WORK ORDER ->
Retype word for word the first line of the listing and each line after it up to the line with "Charms strass a", with the pictures taken out.

DATASET RECORDS ->
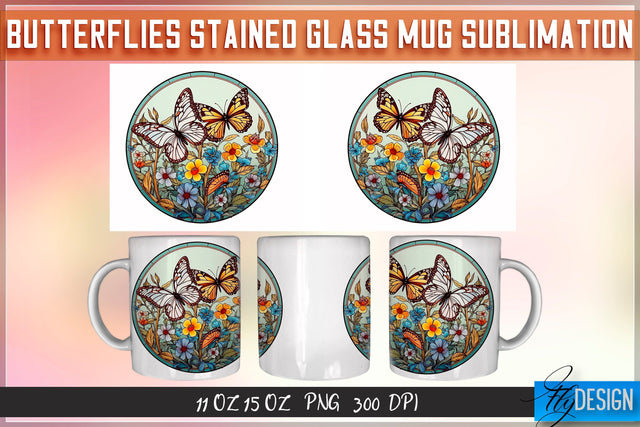 Butterflies Stained Glass 11 | 15 Oz Mug Sublimation Sublimation Fly Design 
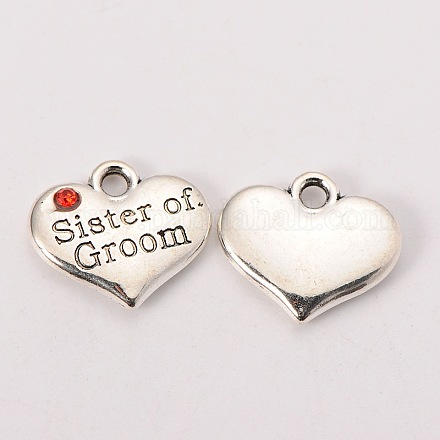 Charms strass a cuore stile tibetano colore argento antico X-TIBEP-N005-08A-1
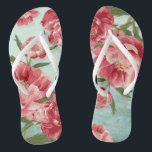 Pretty Retro Flower Bridesmaid Wedding Chintz Flip Flops<br><div class="desc">Matching Bridesmaid, Matron of Honor Bridal Party Flip Flops for an outdoor, garden or beach wedding. No hurting feet, and sets the mood for the entire wedding. Modern, pretty retro flower stylized peonies in bright fresh colors especially perfect for Spring or Summer weddings. This Wedding Invitation Set or Collection is...</div>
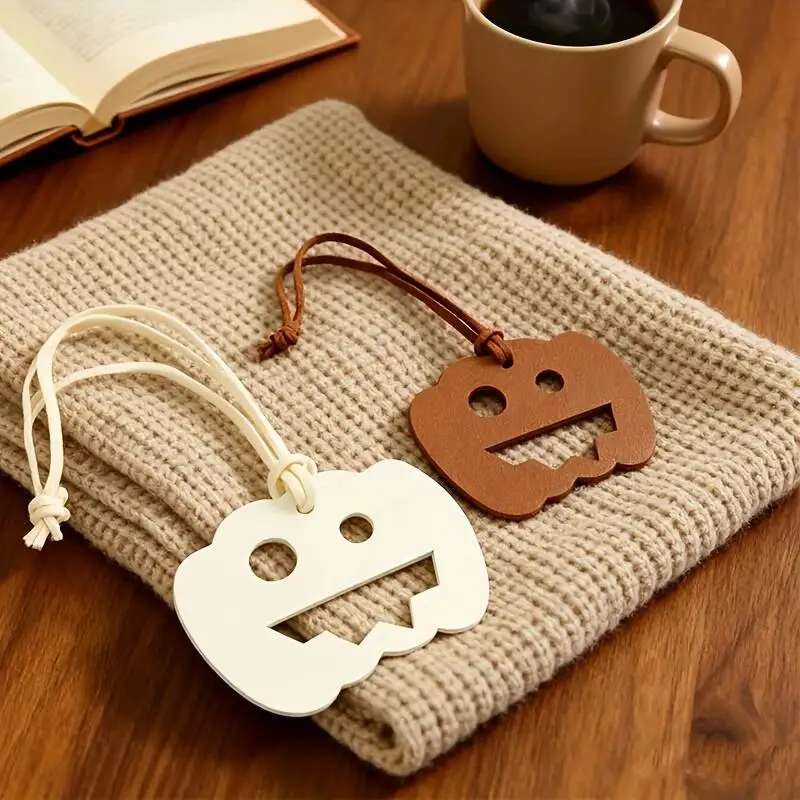 3PCS PU Leather Halloween Pumpkin Face Pendant, Hollow Out Design Hanging Ornament, Decor for Halloween Party Scene Decoration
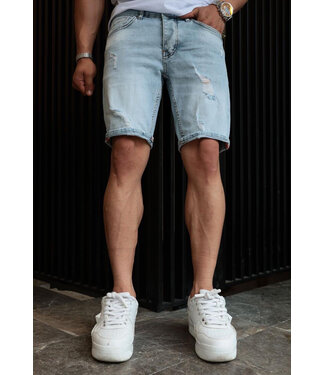 Ripped Lichtblauwe Spijkershort Heren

EXERCISE RESPONSE ->
 Butterflies Stained Glass 11 | 15 Oz Mug Sublimation Sublimation Fly Design 
 Charms strass a cuore stile tibetano colore argento antico X-TIBEP-N005-08A-1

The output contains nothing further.